Zur Bewältigung der CORONA-Krise sind insbesondere auch Steuerstundungen und Ratenzahlungen von Abgaben ein mittlerweile schon bewährtes Instrument zur Aufrechterhaltung der Liquidität. Diesbezügliche Zahlungserleichterungen gehörten zu den ersten Maßnahmen, die den betroffenen Unternehmen seitens der Finanzverwaltung bereits am Beginn der Krise ab Mitte März d. J. angeboten wurden. Die zunächst erlassmäßigen Regelungen wurden zwischenzeitig, im Rahmen der COVID-19-Sondergesetzgebung, auch in Gesetzesform normiert. Sollten solcherart gestundete Abgaben allerdings letztlich, insbesondere durch Insolvenz, uneinbringlich werden, so laufen die verantwortlichen Vertreter von schuldnerischen juristischen Personen,  insbesondere also die Geschäftsführer von Kapitalgesellschaften, Gefahr, persönlich zur Haftung für Abgabenausfälle herangezogen zu werden.

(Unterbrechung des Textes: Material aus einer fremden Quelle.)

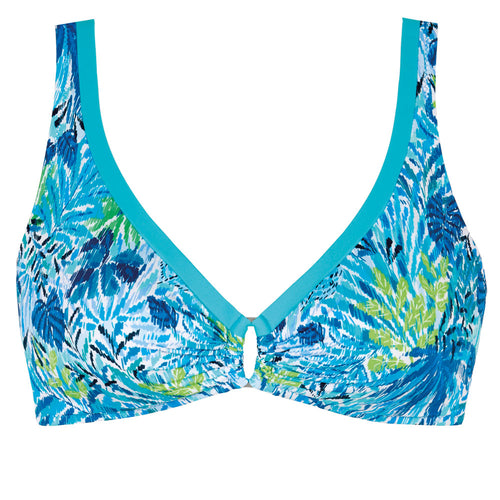 Tessy Haiti collection 'Bimba' Blue 'V' Neck Bikini Top (pack shot, front).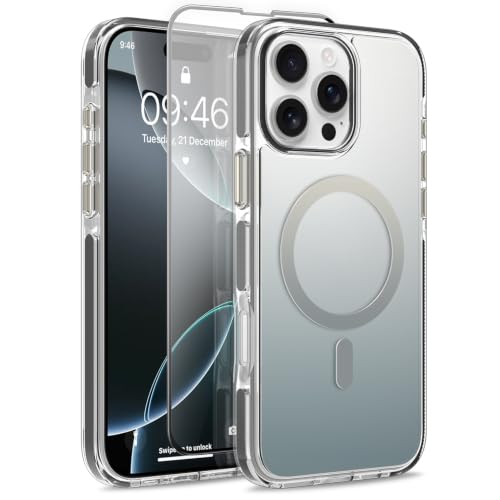Image of Magnetic Case for iPhone 16 Pro Max [Compatible with Magsafe] [Anti-Yellowing] [1 Screen Protector] Slim Clear Iridescent Case for iPhone 16 Pro Max 6.9 inch 2024, Black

Rechtliche Grundlagen für Zahlungserleichterungen 

Nach den allgemeinen verfahrensrechtlichen Regelungen der Bundesabgabenordnung haften Geschäftsführer neben den durch sie vertretenen juristischen Personen uU auch persönlich für die die Gesellschaft treffenden Abgaben, und zwar insoweit, als die Abgaben infolge schuldhafter Verletzung der den gesetzlichen Vertretern auferlegten Pflichten nicht eingebracht werden können (§ 9 Abs 1 iVm § 80 Abs 1 BAO). In der Praxis sind diese abgabenrechtlichen Haftungsbestimmungen insbesondere im Insolvenzfall von Relevanz. Die Geltendmachung einer persönlichen Haftung würde ggfs durch Haftungsbescheide erfolgen (§ 224 BAO). 

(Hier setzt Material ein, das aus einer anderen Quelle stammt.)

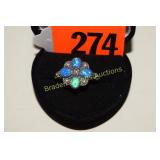 LADIES STERLING SILVER AND ONE C FIRE BLUE OPAL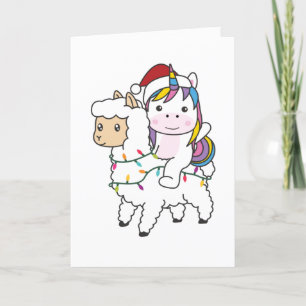 Unicorn Llama jul Snö Winter Animals Vuxen Helgkort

Von Abgabenpflichtigen beantragte Stundungen bzw Ratenzahlungen können seitens der Abgabenbehörde dann bewilligt werden, wenn die sofortige (volle) Entrichtung der Abgaben mit erheblichen Härten verbunden wäre UND durch den Aufschub die Einbringlichkeit der Abgaben nicht gefährdet wird (Ermessensregelung gemäß § 212 Abs 1 BAO). 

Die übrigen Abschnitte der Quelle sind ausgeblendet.